An example of a battery module 10 with parallel connected strings is illustrated schematically in FIG. 1A. As can be seen, the network of strings may be represented as an electrical circuit, with the branches of the circuit representing the individual strings, S1, S2, S3, and S4. Each string S1–S4 may be modeled as a constant voltage source connected in series with a resistor R1, R2, R3, and R4. The total current through the battery module 10 at any given time is I and the voltage across the battery module 10 is V. A battery module 12 with series connected strings is illustrated schematically in FIG. 1B along with the total current and voltage therefor.

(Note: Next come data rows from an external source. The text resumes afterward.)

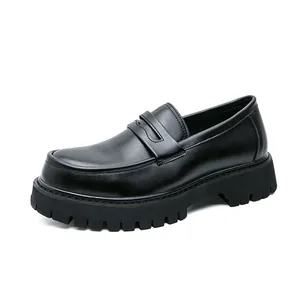 Men's stylish black platform loafers with thick lug soles and smooth leather finish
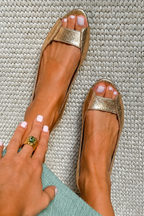 Naya - Sandalias Doradas Chic y Cómodas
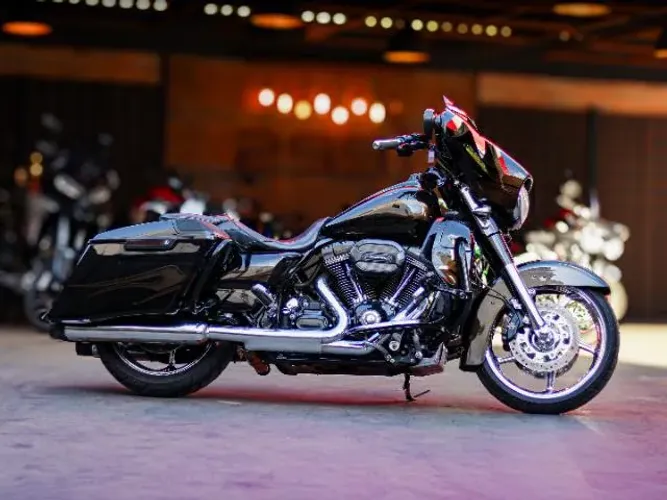 HARLEY-DAVIDSON CVO STREET GLIDE FLHXSE 1800 cc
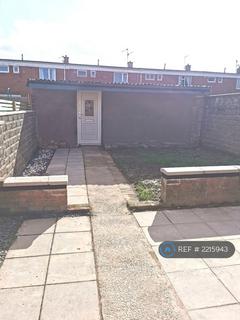 3 bedroom terraced house to rent, Mead Lane, Cwmbran, NP44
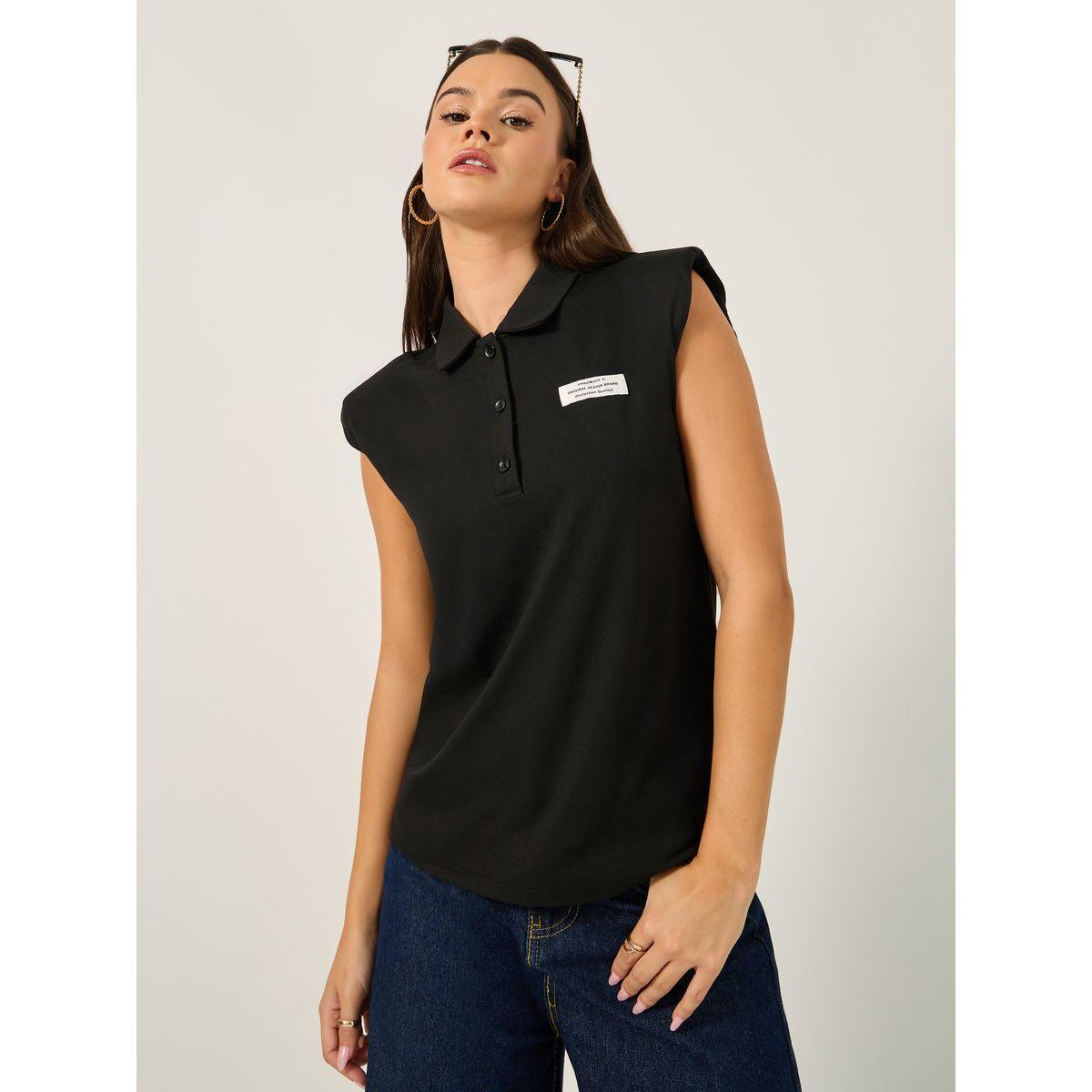 بلوزة بقصة عادية وأكتاف مبطنة مع شارة-women-clothing-tshirts-image-4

It is often useful to know the resistance R1, R2, R3, or R4 in a particular string of a battery module in order to determine the health of the battery. A higher-than-expected string resistance may indicate, for example, that the battery is malfunctioning and may need to be replaced. The most direct way to determine the string resistance is to divide the voltage across the string by the current through the string (R=V/I). However, while the voltage across each string in the parallel string battery 10 is readily available, the current through each string is not. Similarly, while the current through each string in the series string battery 12 is readily available, the voltage across each string is not. To obtain the current/voltage, a current/voltage meter usually has to be deployed across each string and the current/voltage measured. Such an arrangement is not always convenient or practical, especially if the battery module is surrounded by other equipment or difficult to access. And while remote or wireless monitoring of the string voltage and current is possible, actual implementation can be overly complicated and/or costly.
Accordingly, what is needed is a way to determine individual parallel-connected string resistance in a battery module when the current through each string is unknown, and a way to determine individual series-connected string resistance when the voltage across each string is unknown.